Wife: “This is awful”

Husband: shrug look over, “huh”

Wife: “Oh guy…..this is awful”

Husband: shrug look over, “huh”

Wife: “You know what this is like”

Husband: Shrug, “huh”

Wife: “This is like a colonoscopy first thing in the morning”

Nice. Instantly I have an all too vivid picture in my head of something I don’t want to be thinking about.

Wife: “What is taking so long, Is this lotion more than 3 ounces, what a pain”

Husband: Shrug and look away as if he has heard this griping for 30 years. In one ear and out the other.

We get up to the security boarding pass ticket checker person and she asks the couple for their tickets and ID’s.

Wife: This is awful…..we have been flying for years.

The ticket checker looks and gives her a smile like, “Shut up, I could care less, just move along and get going.
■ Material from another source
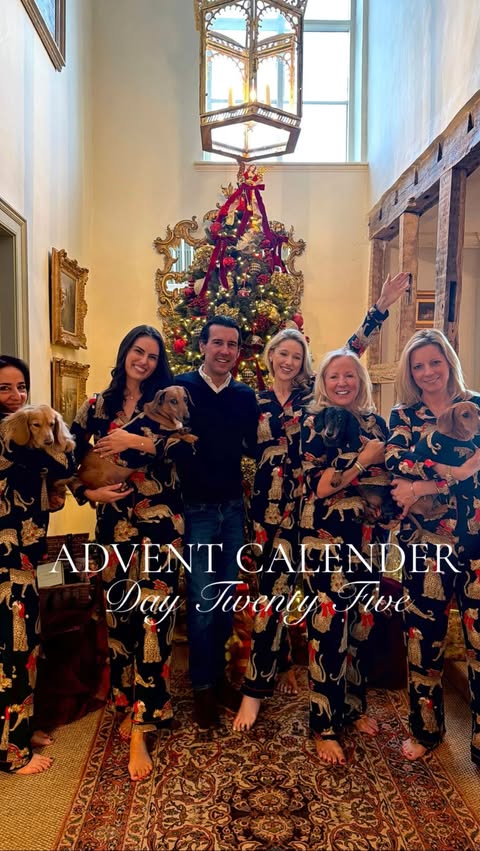 Instagram post by an influencer for Chelsea Peers. Caption reads: Welcome to Day 25 of my surprise Advent Calendar....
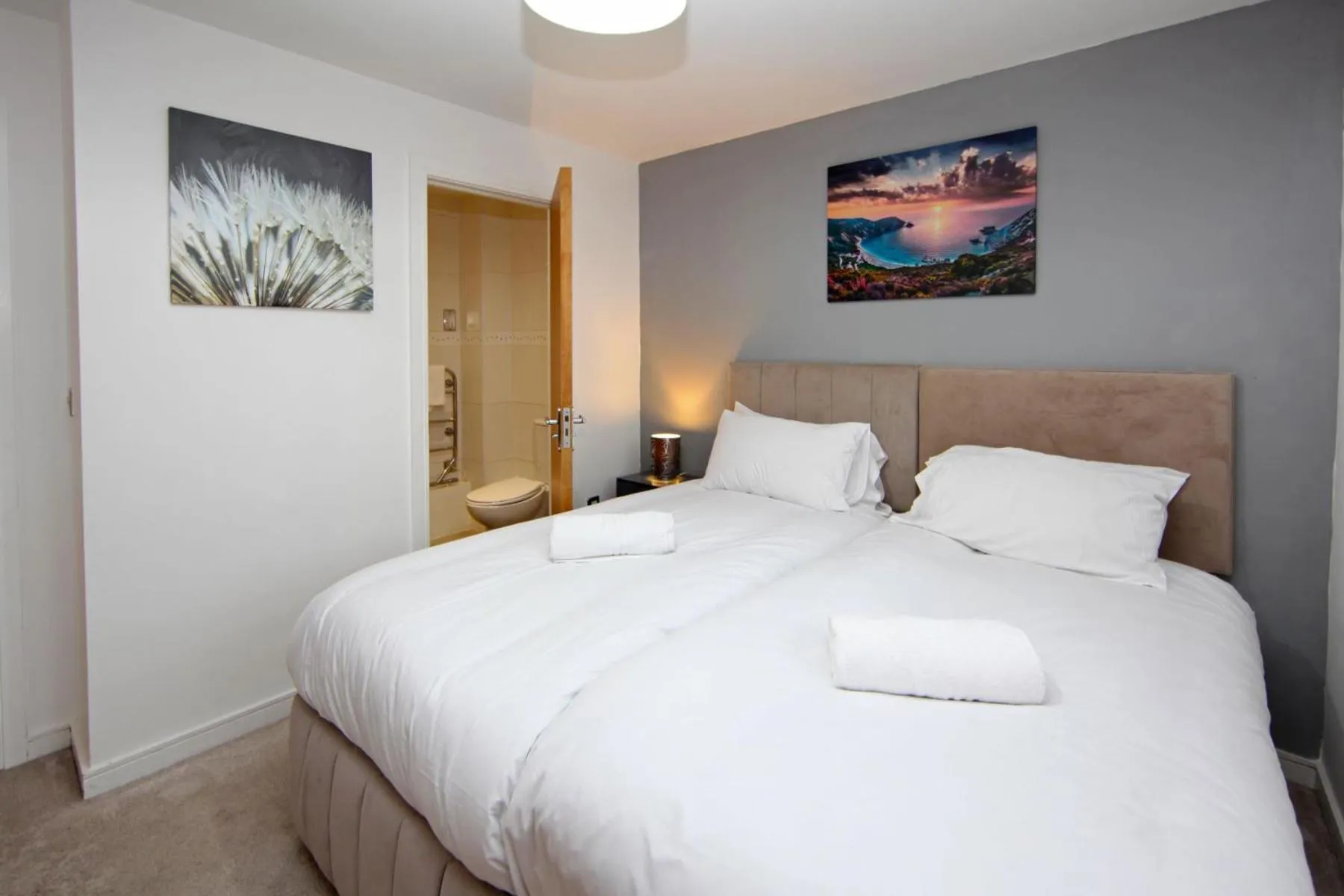 Bedroom, Bed in Albion Street Apartments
It is people like you that make this whole process slower than it needs to be.”

Ticket Checker: Bye, Bye……Like that SNL skit with the flight attendants

Bye, Bye……Now get out.
So we keep moving along snaking through the line, you know the type. Up and down like at Disneyland. We get to the conveyor belts for the x-ray machine and I am faced with a decision. Right lane or left? Right looks good, but there are a couple of ladies struggling to take off their shoes. Left is the couple. The woman is still shaking her head.

I chose left, at least I will have some entertainment. Take off my shoes, get out the computer, take off the belt, remove any change. The couple in front is a zoo. She sends her carry on through but forgets her boarding pass.

Boarding pass…….

Wife: Oh…It is in my bag, this is awful.

She finally gets it and moves on through. By now the other line is moving like melted butter, but still I wait. Now it is the husband’s turn.

Boarding pass…….shuffle, shuffle. He digs it out of his pocket.

Please remove your jacket. Grumble, grumble, shuffle, shuffle

By now my flight is boarding. Finally, get through and run down the terminal. Reach the gate.

Passengers flight 6407 to San Francisco is delayed. Great.

It was only delayed for 10 minutes so I get to SF and make my connector to Ontario, get a ride down to Lake Elsinore and sit through a 1 hour meeting.

Time: 12:15. My flight leaves at 3:45 back to SF. Shuffle, shuffle, grumble, grumble. Go to lunch with the project manager from our Pasadena office. Lets just say there is not much to eat in Lake Elsinore.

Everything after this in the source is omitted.